# ABOUT THIS EXERCISE
Could you output the whole listing exactly as it stands, minus any images?

# SOURCE DATA
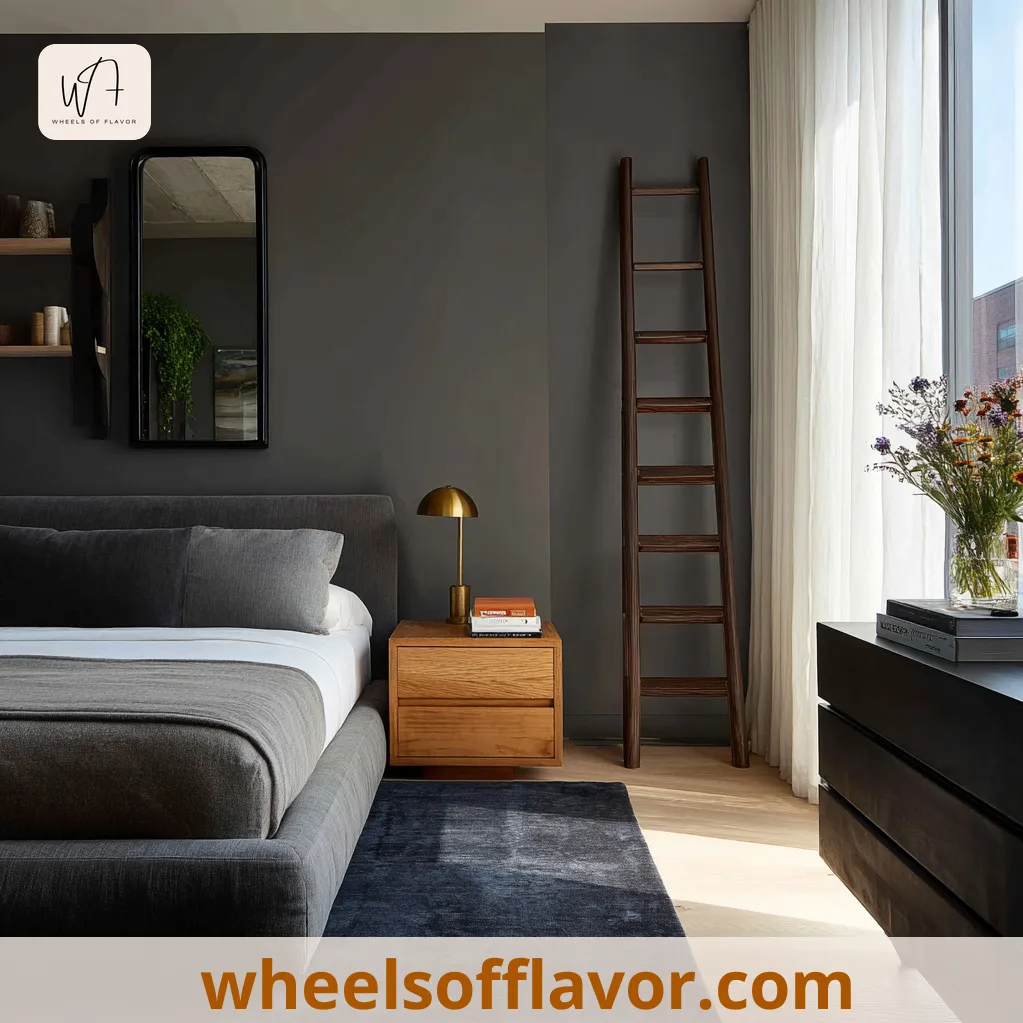 bedroom ideas white and gold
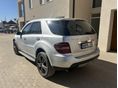 MERCEDES-BENZ ML 320 2006/1 - 2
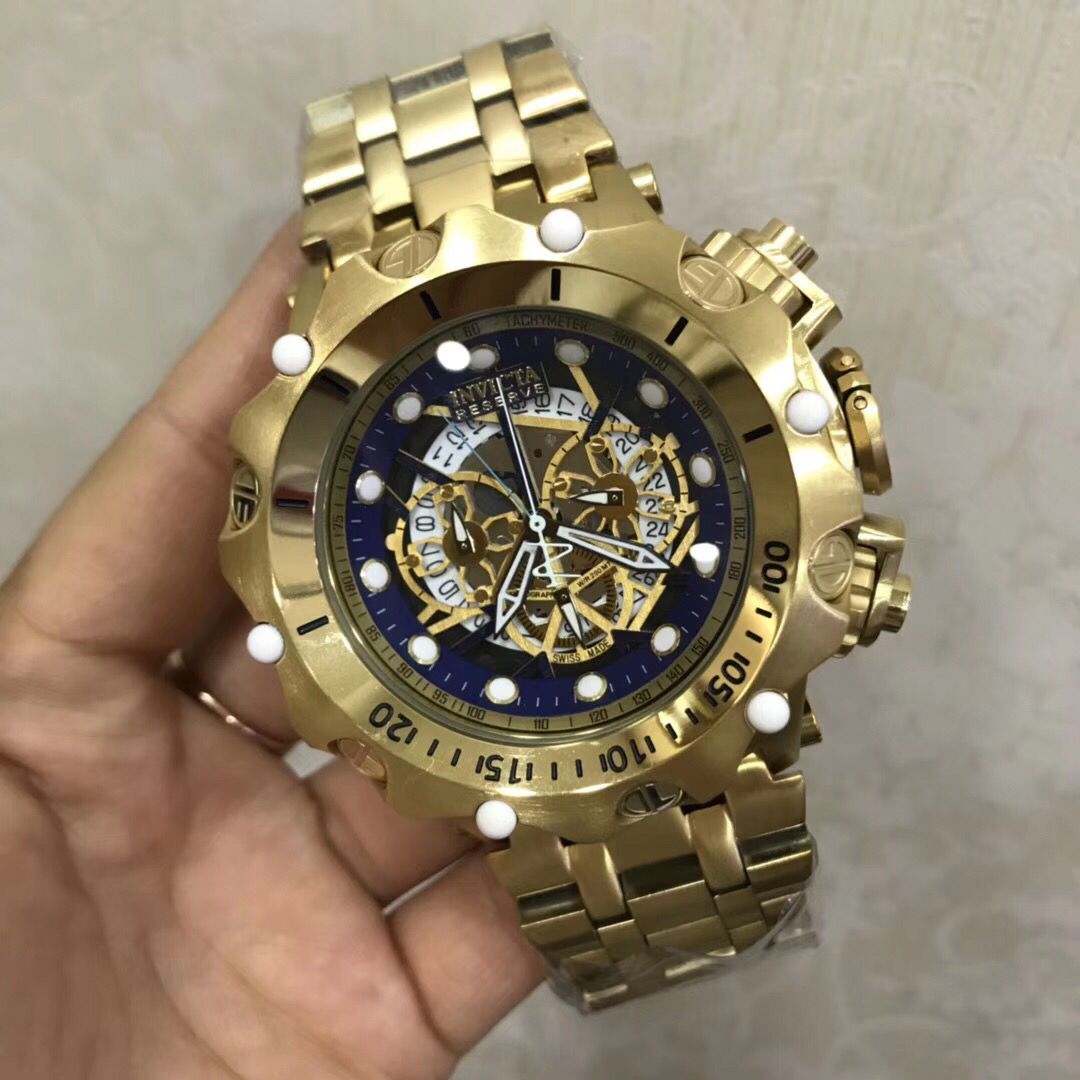 Replica Invicta Watch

# ANSWER AREA
 bedroom ideas white and gold
 MERCEDES-BENZ ML 320 2006/1 - 2
 Replica Invicta Watch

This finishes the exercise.